Pinker promotes race pseudoscience via Youtube podcast - uses the term "heritable" incorrectly

While I was focused on Bari Weiss for the past couple of months, Steven Pinker was busy launching his own YouTube podcast.

I discovered this when I was monitoring the Twitter/X feed of professional racist Steve Sailer and Sailer reposted a link to Pinker's YouTube channel.



Although Pinker refuses to acknowledge the existence of Sailer, even when asked about him directly by the media (an extremely rare occurrence but it did happen three years ago) Sailer has long maintained he is an important source of Pinker's sociobiology beliefs.



Unlike Pinker's Twitter/X account, which prevents most people from commenting, Pinker's YouTube channel does, so far, allow comments. And so I took the opportunity, at least until I'm censored, to point out that Pinker uses the term "heritability" incorrectly in his emission entitled Nature vs. Nature: What's More Impactful. Pinker says, flat-out:
The first law is that all behavioral traits are partly heritable. What does that mean? It means that some of the variation within a culture between one person and another what makes Jason different from Sam what makes Emily different from Jessica comes from differences in their genes.

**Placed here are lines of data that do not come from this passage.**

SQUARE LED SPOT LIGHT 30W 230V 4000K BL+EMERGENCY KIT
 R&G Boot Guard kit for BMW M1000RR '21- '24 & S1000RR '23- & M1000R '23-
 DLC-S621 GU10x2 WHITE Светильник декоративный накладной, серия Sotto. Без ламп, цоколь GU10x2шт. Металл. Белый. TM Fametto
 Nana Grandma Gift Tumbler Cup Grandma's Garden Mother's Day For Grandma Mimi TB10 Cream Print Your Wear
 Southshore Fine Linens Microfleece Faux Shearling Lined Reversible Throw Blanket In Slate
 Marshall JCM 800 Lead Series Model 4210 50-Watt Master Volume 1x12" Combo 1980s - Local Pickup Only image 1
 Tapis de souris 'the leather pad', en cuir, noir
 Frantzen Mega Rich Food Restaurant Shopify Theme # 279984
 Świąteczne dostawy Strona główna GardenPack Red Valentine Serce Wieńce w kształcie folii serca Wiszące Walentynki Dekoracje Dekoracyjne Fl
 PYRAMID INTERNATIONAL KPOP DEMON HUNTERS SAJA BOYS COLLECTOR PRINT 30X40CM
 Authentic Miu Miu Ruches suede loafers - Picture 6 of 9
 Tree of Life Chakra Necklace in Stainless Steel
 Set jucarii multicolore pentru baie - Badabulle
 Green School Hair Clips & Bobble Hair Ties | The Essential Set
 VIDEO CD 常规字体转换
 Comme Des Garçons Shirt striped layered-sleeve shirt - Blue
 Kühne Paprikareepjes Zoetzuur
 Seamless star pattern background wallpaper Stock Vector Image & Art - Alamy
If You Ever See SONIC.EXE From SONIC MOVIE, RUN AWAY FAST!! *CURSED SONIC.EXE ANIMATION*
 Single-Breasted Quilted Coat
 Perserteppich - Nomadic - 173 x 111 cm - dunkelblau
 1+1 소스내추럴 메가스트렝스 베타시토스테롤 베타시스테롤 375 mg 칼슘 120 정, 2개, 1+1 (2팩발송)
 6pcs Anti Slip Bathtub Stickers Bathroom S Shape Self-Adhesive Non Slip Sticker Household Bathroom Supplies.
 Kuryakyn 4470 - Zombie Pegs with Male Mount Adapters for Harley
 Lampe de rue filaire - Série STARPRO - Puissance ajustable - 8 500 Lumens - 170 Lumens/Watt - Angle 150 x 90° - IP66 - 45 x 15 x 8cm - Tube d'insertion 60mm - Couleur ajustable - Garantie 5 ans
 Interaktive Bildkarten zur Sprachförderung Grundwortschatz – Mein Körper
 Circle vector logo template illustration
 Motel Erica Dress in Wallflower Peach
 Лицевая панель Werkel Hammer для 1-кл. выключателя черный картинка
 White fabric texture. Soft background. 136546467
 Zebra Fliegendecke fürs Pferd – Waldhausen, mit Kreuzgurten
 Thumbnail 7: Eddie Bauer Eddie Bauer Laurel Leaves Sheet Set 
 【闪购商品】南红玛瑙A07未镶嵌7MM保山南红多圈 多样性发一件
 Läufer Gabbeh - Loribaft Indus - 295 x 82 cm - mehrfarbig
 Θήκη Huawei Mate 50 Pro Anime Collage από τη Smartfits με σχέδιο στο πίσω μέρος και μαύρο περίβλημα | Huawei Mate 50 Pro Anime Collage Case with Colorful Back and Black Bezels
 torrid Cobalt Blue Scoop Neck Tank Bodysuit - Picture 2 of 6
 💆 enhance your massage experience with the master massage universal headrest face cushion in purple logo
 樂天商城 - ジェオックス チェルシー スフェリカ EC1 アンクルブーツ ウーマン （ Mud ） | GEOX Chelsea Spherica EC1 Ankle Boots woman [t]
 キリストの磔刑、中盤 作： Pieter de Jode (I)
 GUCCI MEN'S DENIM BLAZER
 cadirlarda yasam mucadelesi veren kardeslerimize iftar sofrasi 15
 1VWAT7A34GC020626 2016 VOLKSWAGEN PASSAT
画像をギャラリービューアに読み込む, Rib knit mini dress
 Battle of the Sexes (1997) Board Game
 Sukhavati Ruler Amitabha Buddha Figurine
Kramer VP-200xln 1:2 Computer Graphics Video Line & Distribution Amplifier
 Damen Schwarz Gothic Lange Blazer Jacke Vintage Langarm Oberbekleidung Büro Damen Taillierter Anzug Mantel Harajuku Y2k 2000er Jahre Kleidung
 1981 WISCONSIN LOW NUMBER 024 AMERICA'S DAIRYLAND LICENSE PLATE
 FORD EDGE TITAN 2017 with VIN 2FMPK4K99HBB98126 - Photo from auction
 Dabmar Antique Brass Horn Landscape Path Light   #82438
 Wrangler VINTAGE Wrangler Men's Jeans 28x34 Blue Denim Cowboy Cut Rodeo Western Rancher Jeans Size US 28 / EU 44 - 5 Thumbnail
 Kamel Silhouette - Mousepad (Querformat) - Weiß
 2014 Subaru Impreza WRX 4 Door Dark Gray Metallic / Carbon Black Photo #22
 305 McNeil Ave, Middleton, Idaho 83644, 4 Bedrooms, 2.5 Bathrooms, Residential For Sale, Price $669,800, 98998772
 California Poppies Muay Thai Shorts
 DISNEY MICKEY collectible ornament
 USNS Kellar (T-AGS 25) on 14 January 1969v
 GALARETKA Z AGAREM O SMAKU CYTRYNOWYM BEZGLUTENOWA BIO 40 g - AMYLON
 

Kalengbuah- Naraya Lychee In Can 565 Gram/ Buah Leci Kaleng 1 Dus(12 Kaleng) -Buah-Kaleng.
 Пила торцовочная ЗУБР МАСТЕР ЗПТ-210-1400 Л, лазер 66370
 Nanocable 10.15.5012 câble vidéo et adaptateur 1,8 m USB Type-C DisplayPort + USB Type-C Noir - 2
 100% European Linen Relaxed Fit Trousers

Per the indispensable paper "The heritability fallacy" by David S. Moore and David Shenk, published in 2016: 

The term ‘heritability,’ as it is used today in human behavioral genetics, is one of the most misleading in the history of science. Contrary to popular belief, the measurable heritability of a trait does not tell us how ‘genetically inheritable’ that trait is. Further, it does not inform us about what causes a trait, the relative influence of genes in the development of a trait, or the relative influence of the environment in the development of a trait. Because we already know that genetic factors have significant influence on the development of all human traits, measures of heritability are of little value, except in very rare cases. We, therefore, suggest that continued use of the term does enormous damage to the public understanding of how human beings develop their individual traits and identities.

Pinker should know better than to use the term heritability that way, but I think he doesn't care, because, I am convinced, Pinker lacks all sense of shame. One of the reasons why Steven Pinker is the world's most annoying man.

In addition to misusing the term "heritability," notice how Pinker slips in "within a culture" right before "one person and another." I don't think this is a slip of the tongue. I think Pinker uses it deliberately here, because Pinker is a weasel.

That word "culture" is very important because of the claim - first widely disseminated by Patrick Moynihan, promoted by Pinker in his book "Better Angels..." and more recently promoted by Andrew Sullivan in conversation with Jon Stewart - that Black people in the United States have not thrived since the days of slavery due to their own faulty "culture."

And here Pinker explicitly connects "culture" to genetics. 

Pinker is primarily a libertarian political operative, most recently aligning with the far right to attack Harvard. And his "scientific" claims are in service to his politics. Pinker has long pushed the idea, albeit subtly, that the only explanation for Black American failure to thrive is genetics

Because, like Steve Sailer, Pinker believes in race pseudoscience.